The Amended Credit Agreement contains affirmative and negative covenants customarily applicable to senior secured credit facilities, including covenants restricting the ability of the Borrowers and the Subsidiary Guarantors, subject to negotiated exceptions, to incur additional indebtedness and grant additional liens on their assets, engage in mergers or acquisitions or dispose of assets, enter into sale-leaseback transactions, pay dividends or make other distributions, voluntarily prepay other indebtedness, enter into transactions with affiliated persons, make investments, and change the nature of their businesses. In addition, the Amended Credit Agreement requires the Borrowers to maintain certain financial ratios. Certain of these covenants were modified in the Amended Credit Agreement to provide the Company with additional financial flexibility. The Amended Credit Agreement also contains customary representations and warranties and events of default, including payment defaults, breach of representations and warranties, covenant defaults, cross defaults and an event of default upon a change of control of the Company.

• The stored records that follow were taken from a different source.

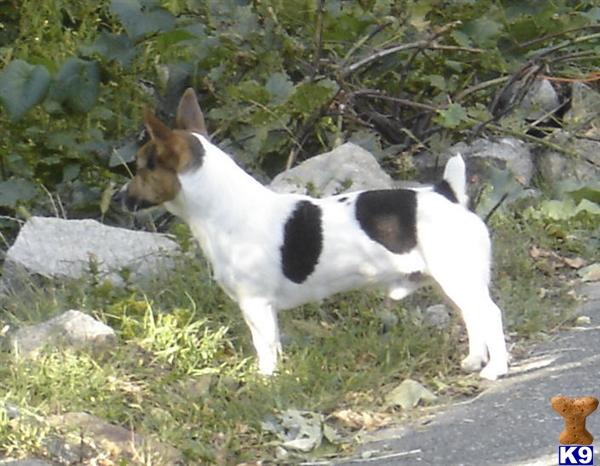 Stud Dogs - Jack Russell Terrier
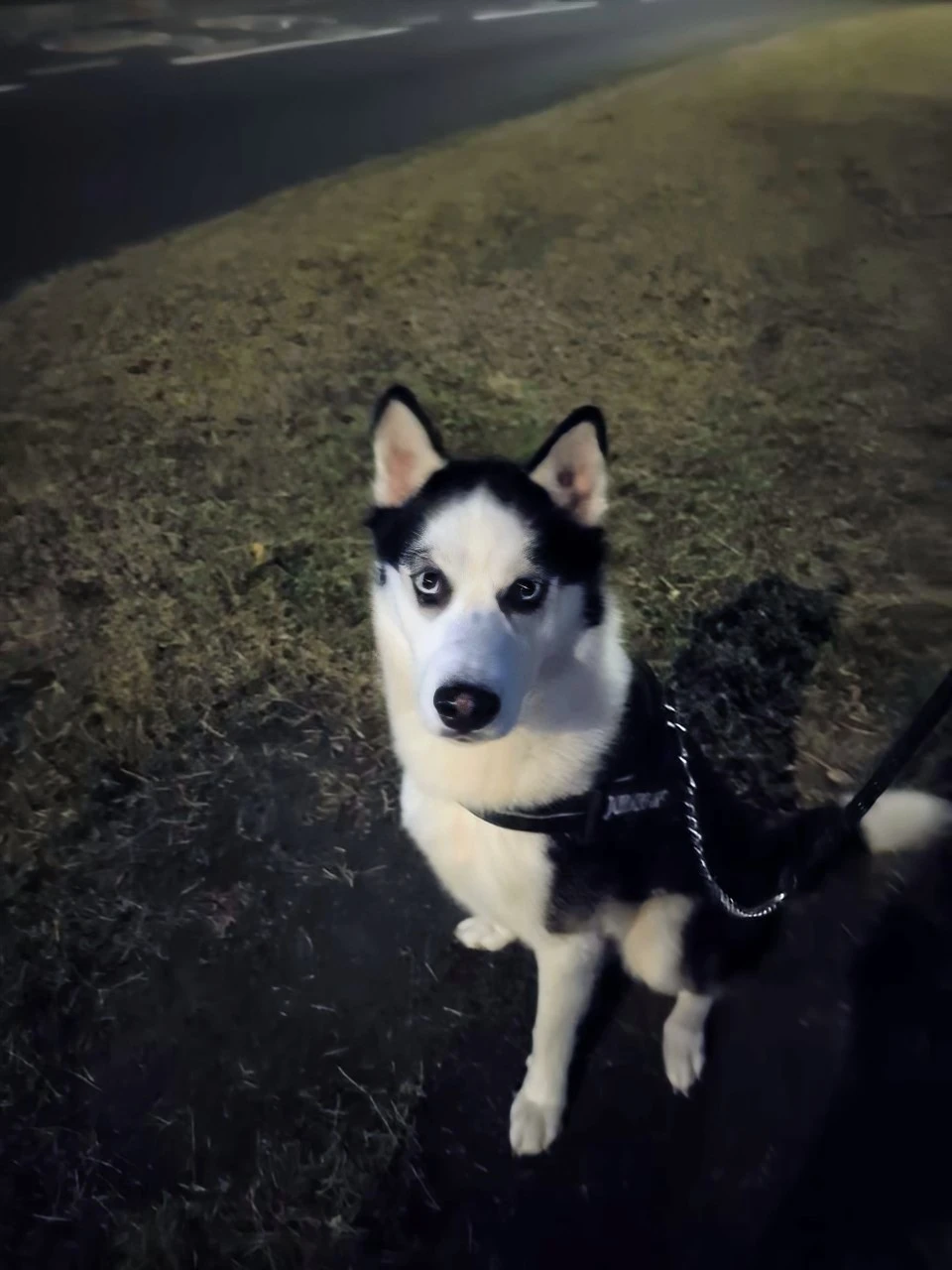 image-35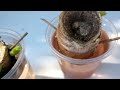 How to grow Aloe vera plants #plant cloning #gardening tips #Grow Aloe at home #gardening hacks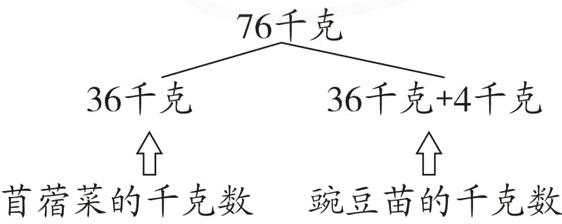 苜蓿菜的千克数豌豆苗的千克数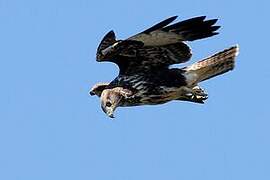 Common Buzzard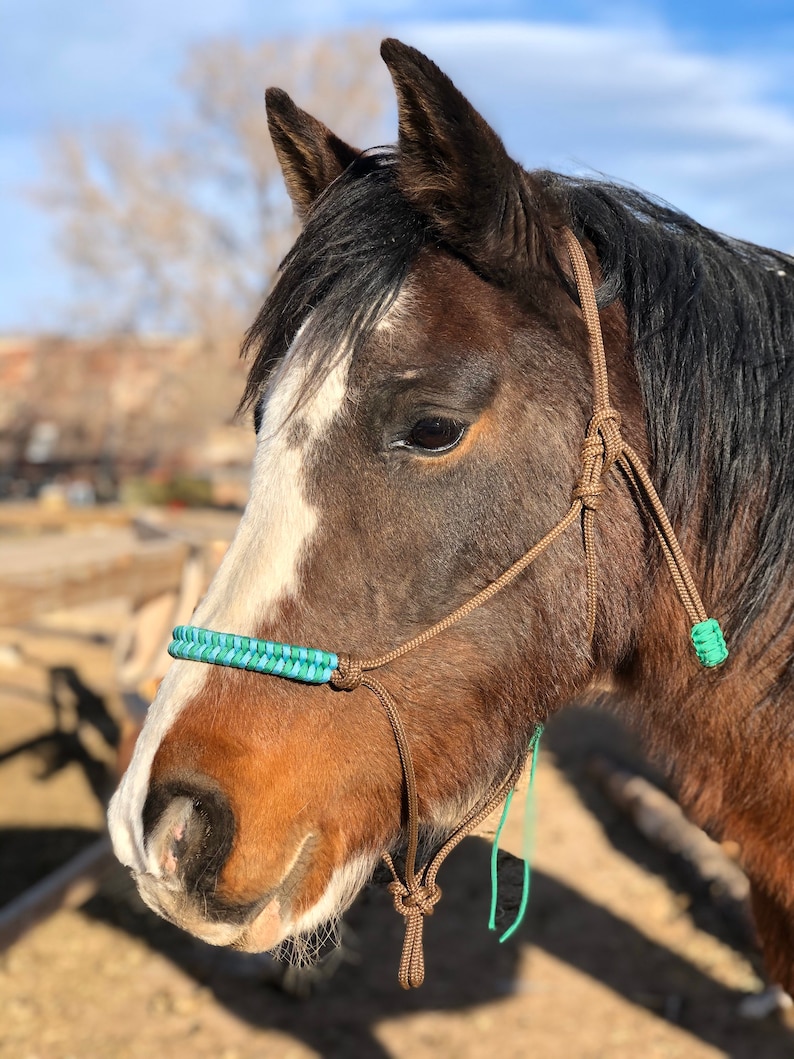 CUSTOM ROPE HALTER Soft Rope With Side Rings and Custom Colors Etsy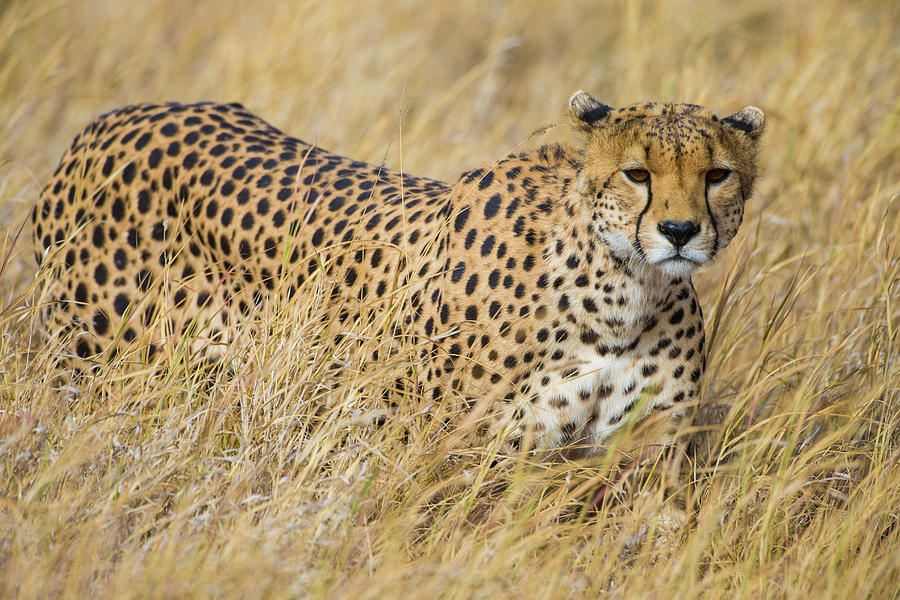 Serengeti National Park Photograph - Africa Tanzania Cheetah (acinonyx #3 by Ralph H. Bendjebar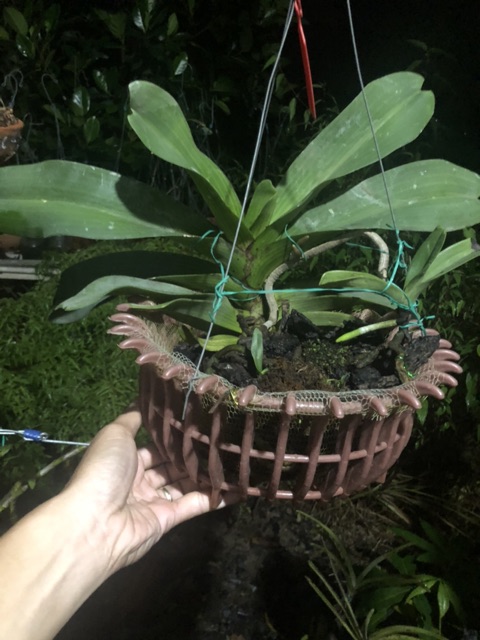 Phong Lan Ngọc điểm đai trâu thái mẹ bồng con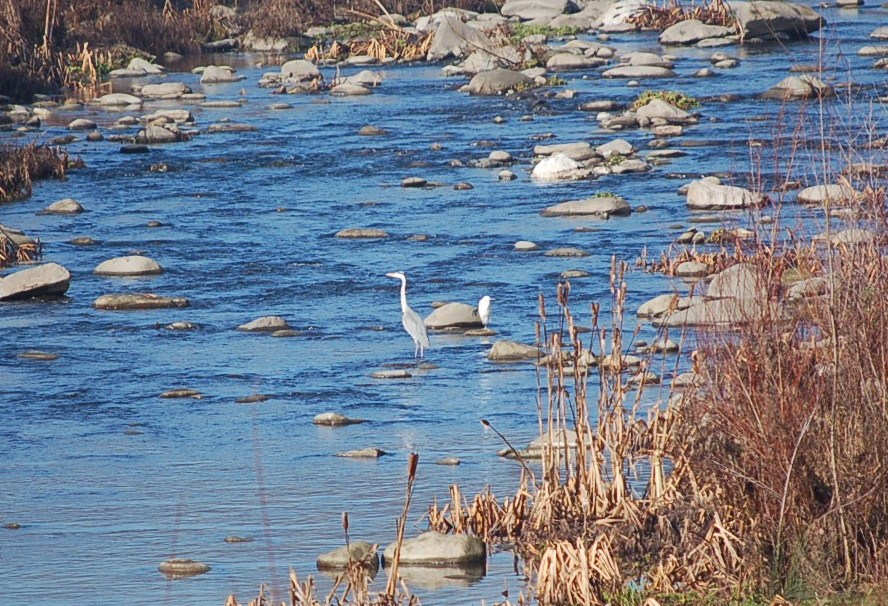 Sul fiume Serchio.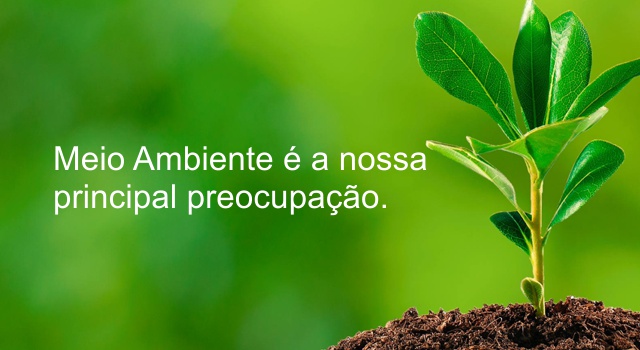 Programa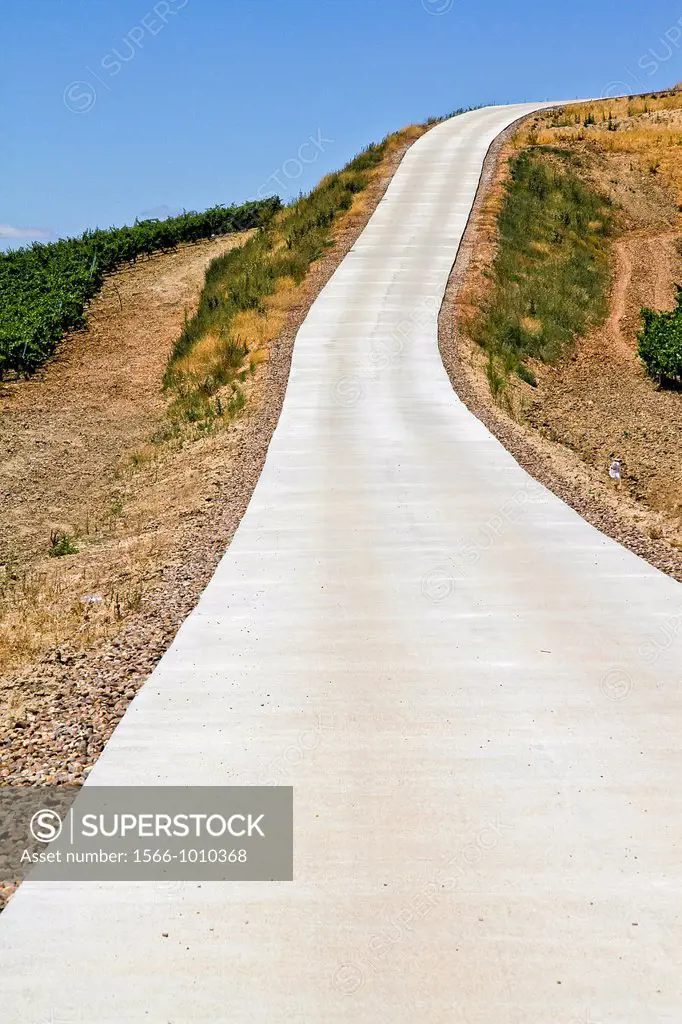 Vineyards landscape and road , Verdejo grape, Castile and León, Spain
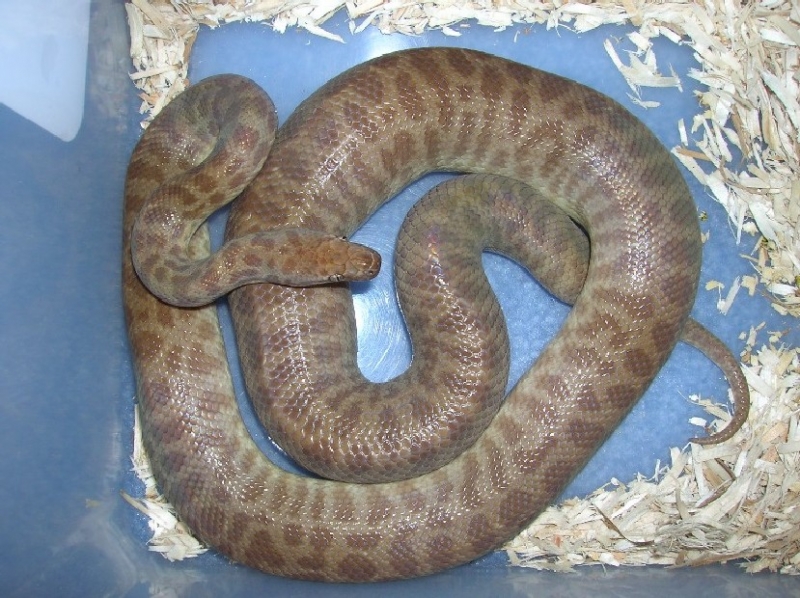 Childrens python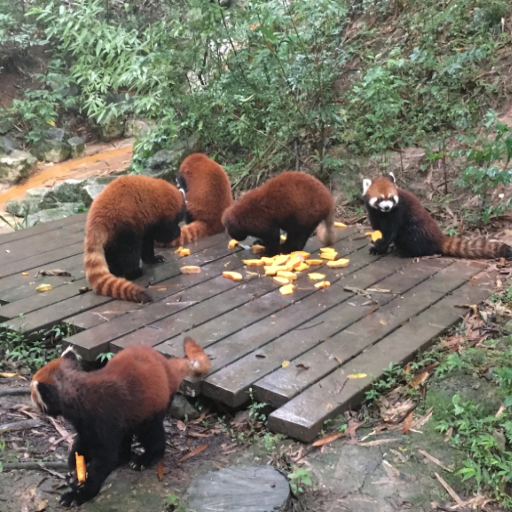 What Can You See at the Chengdu Panda Base?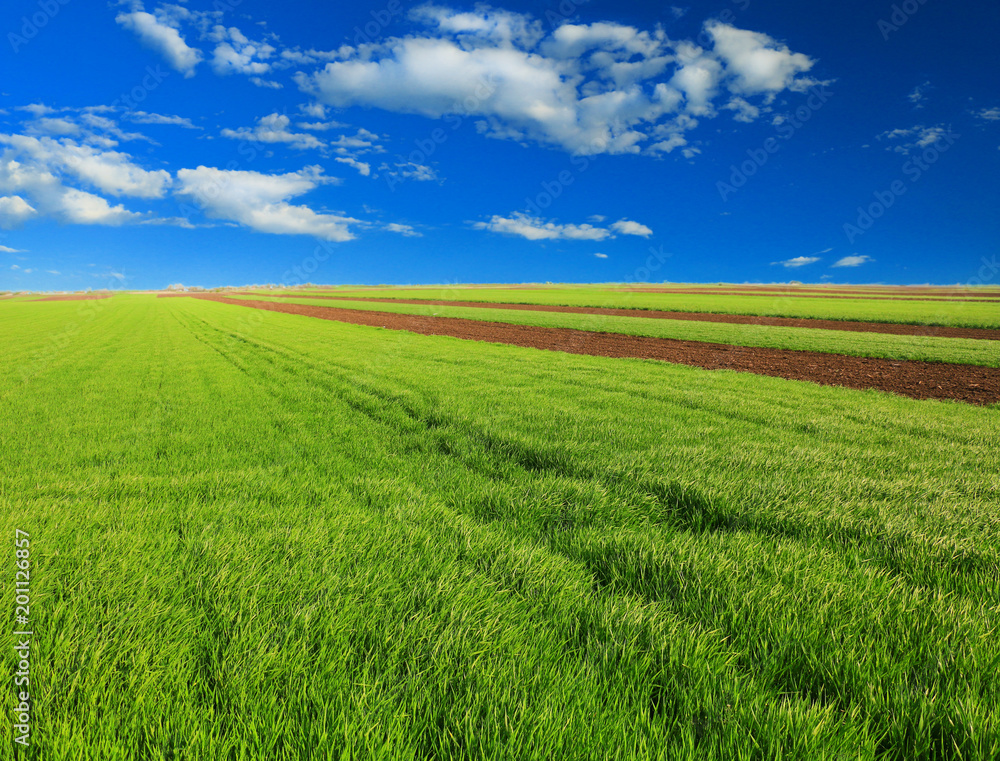 green wheat field against a blue sky green wheat field against a blue sky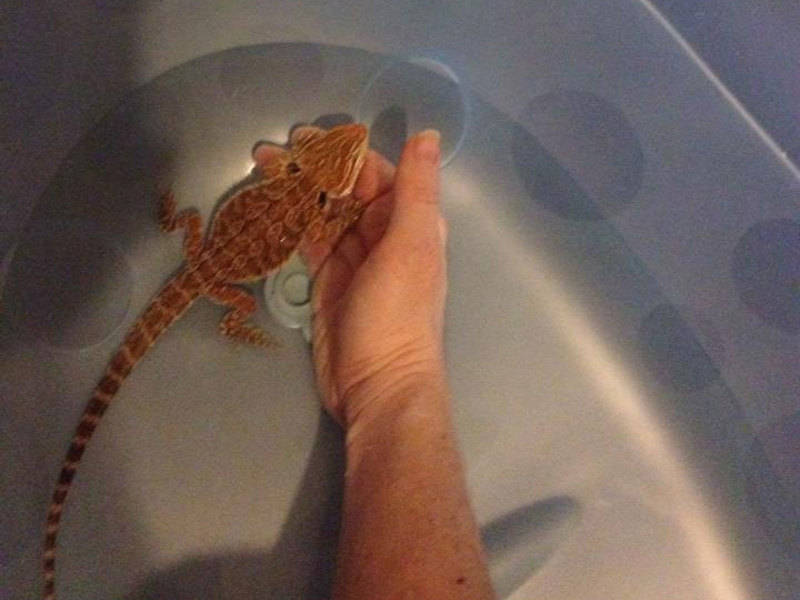 Bearded Dragons Drink Water (5 rehydration techniques)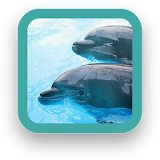 Free Dolphins Wallpaper icon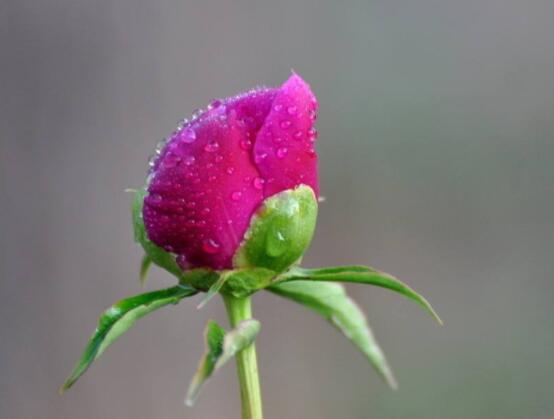 芍藥花幾年開花,每年隻含苞盛放一次(花期5-6月)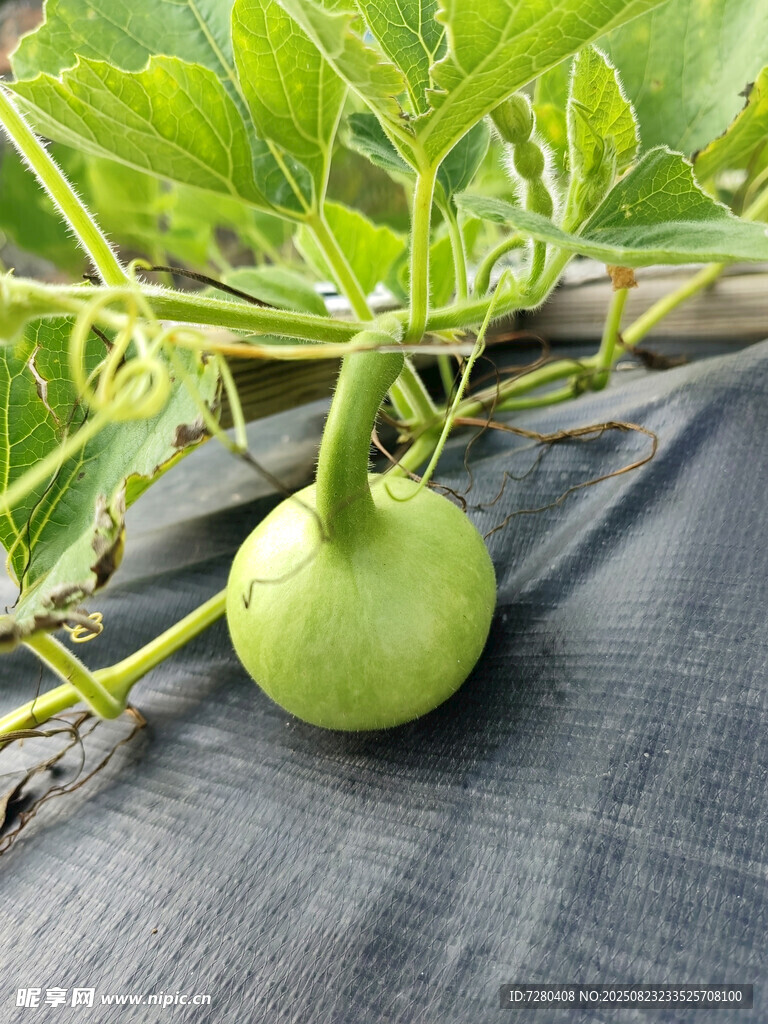 藤蔓上的青葫芦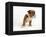 Bulldog Puppy-Peter M. Fisher-Framed Premier Image Canvas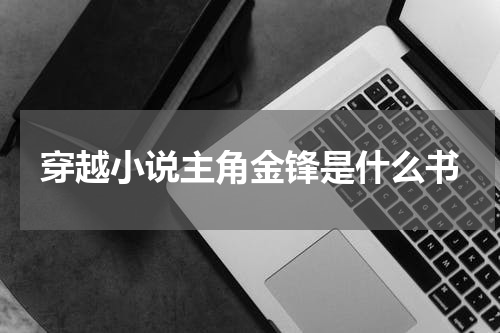 穿越小说主角金锋是什么书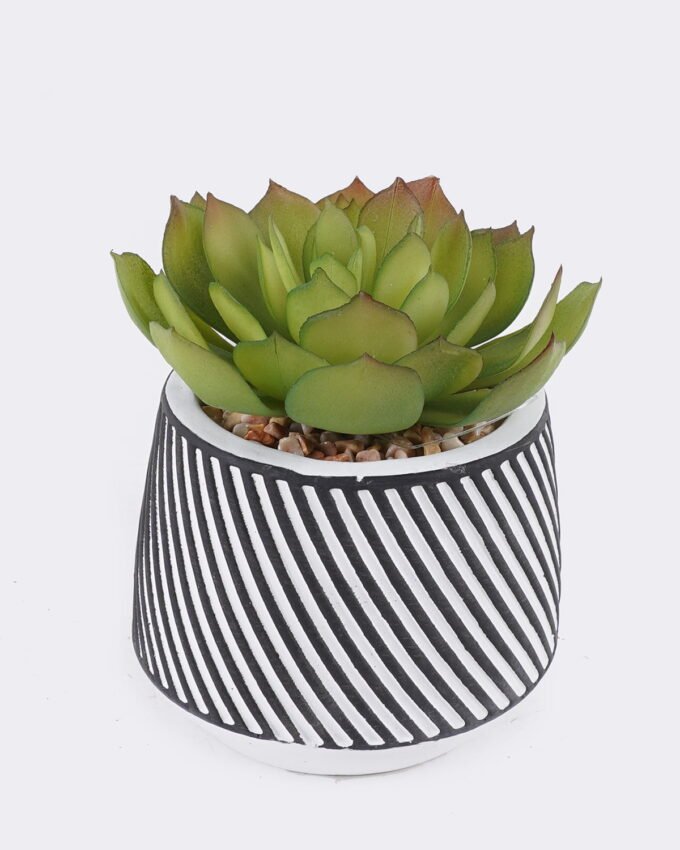 Artificial Table Plants 10*10*13cm Succulent plants  in cemnet pot GS-82525031 2026May 3,000+ sqm showroom with thousands of artificial flowers, plants & trees ready for global sourcing.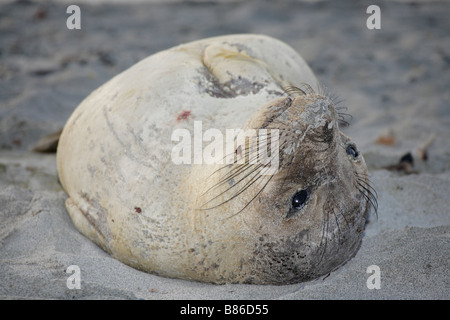 Northern guarnizione di elefante suinetto svezzato preparazione alla muta sulla spiaggia Victoria British Columbia Canada Foto Stock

If an event of default occurs and is not cured within any applicable grace period or is not waived, the agent would be entitled to take various actions, including the acceleration of amounts due under the outstanding Refinanced Credit Facilities. If the indebtedness under the Amended Credit Agreement were accelerated, the Borrowers and the Subsidiary Guarantors may not have sufficient funds to pay such indebtedness. In that event the lenders would be entitled to enforce their security interests in the collateral securing such indebtedness, which will include substantially all of the assets of the Company and the Subsidiary Guarantors.

The above description of the Refinancing Amendment, including the Amended Credit Agreement, does not purport to be complete and it is qualified in its entirety by reference to the Refinancing Amendment itself, a copy of which is attached to this report as Exhibit 10.1 and is incorporated herein in its entirety by reference.

Item 2.03. Creation of a Direct Financial Obligation or an Obligation under an Off-Balance Sheet Arrangement of a Registrant.

The information provided in Item 1.01 is incorporated herein by reference.

 

Item 9.01.

Financial Statements and Exhibits.

(d) Exhibits.

 

Exhibit

Number

  

Description

10.1    Refinancing Amendment No. 1, dated as of December 17, 2018, to the Amended and Restated Credit and Guaranty Agreement dated as of October 3, 2017.


SIGNATURES

Pursuant to the requirements of the Securities Exchange Act of 1934, the registrant has duly caused this report to be signed on its behalf by the undersigned hereunto duly authorized.

 

Date: December 17, 2018     HOLOGIC, INC.